Continuando o teste de Rorschach, naturalmente não pode faltar o louvor ao docente prestigiado, autor de uma “Introdução ao Cristianismo” que, publicada primeiramente há mais de meio século, permanece de leitura obrigatória para qualquer pessoa interessada no tema.
Os académicos, sempre motivados pela inquietante pergunta “porquê?”, costumam, contudo, ter sérios problemas com as consuetudinárias irracionalidades associadas à gestão e à burocracia. Os passos subsequentes de Ratzinger, assumindo progressivamente cargos de maior relevância na própria gestão da Igreja, desde vice-reitor, passando pelo governo da arquidiocese de Munique, a congregação doutrinal do Vaticano, até ao papado, são de molde a causar apreensão biográfica. Apreensão que só pode crescer quando se constata que o Papa Bento XVI, mesmo enquanto bispo de Roma, permaneceu um desses universitários de velha escola alemã, focado nos conteúdos essenciais e indiferente a modas passageiras, continuando a colocar as mãos na massa e a produzir textos de grande profundidade e densidade como as extraordinárias encíclicas sobre o Amor, a Esperança ou sobre a economia; a sequência de discursos profundos ao mundo da cultura e da política (Ratisbona, Paris, Londres, Berlim); ou os livros sobre a infância de Jesus, explicitamente assinados por Joseph Ratzinger e não por Bento XVI.

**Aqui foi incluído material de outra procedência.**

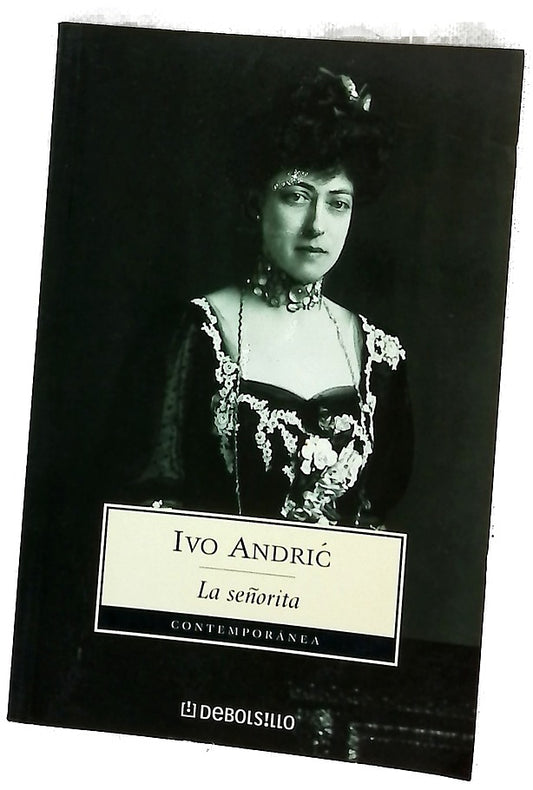 La señorita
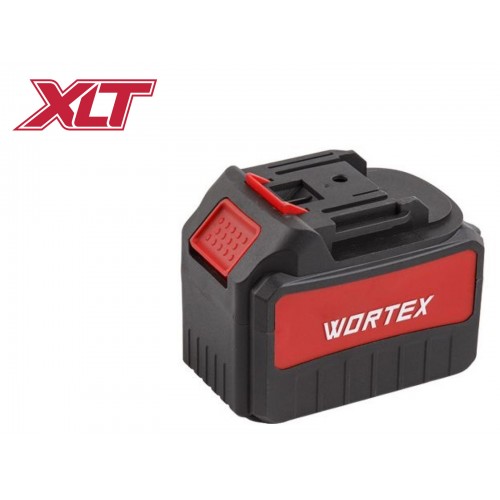 Аккумулятор WORTEX CBL 1860 18.0 В, 6.0 А/ч, Li-Ion ALL1 XLT Аккумулятор WORTEX CBL 1860 18.0 В, 6.0 А/ч, Li-Ion ALL1 XLT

Ora, o pontificado de Ratzinger acaba por constituir a confirmação experimental do célebre aforismo universitário: “não há nada mais prático do que uma boa teoria”. De facto, só alguém profundamente consciente dos fundamentos da sua função poderia ter agido de forma tão segura, consciente e consistente em temas tão delicados como a abertura das contas do Vaticano a auditorias internacionais (contra a opinião da velha guarda vaticana, receosa de interferências externas), a colocação das vítimas no centro de todo o processo de decisão relacionado com a abominável questão do abuso de crianças por membros do clero (tendo sido criticado pela sua política de tolerância zero e pelo relevo universal que concedeu a esta questão), a interpretação do Concílio à luz da indispensável “hermenêutica da continuidade” ou, finalmente, a inédita renúncia ao papado. O papa Francisco tem trilhado e aprofundado decisivamente estes caminhos, mas foi Bento XVI quem delineou o itinerário, tendo escancarado portas que alguns não queriam abrir e que outros nem sequer sabiam que existiam.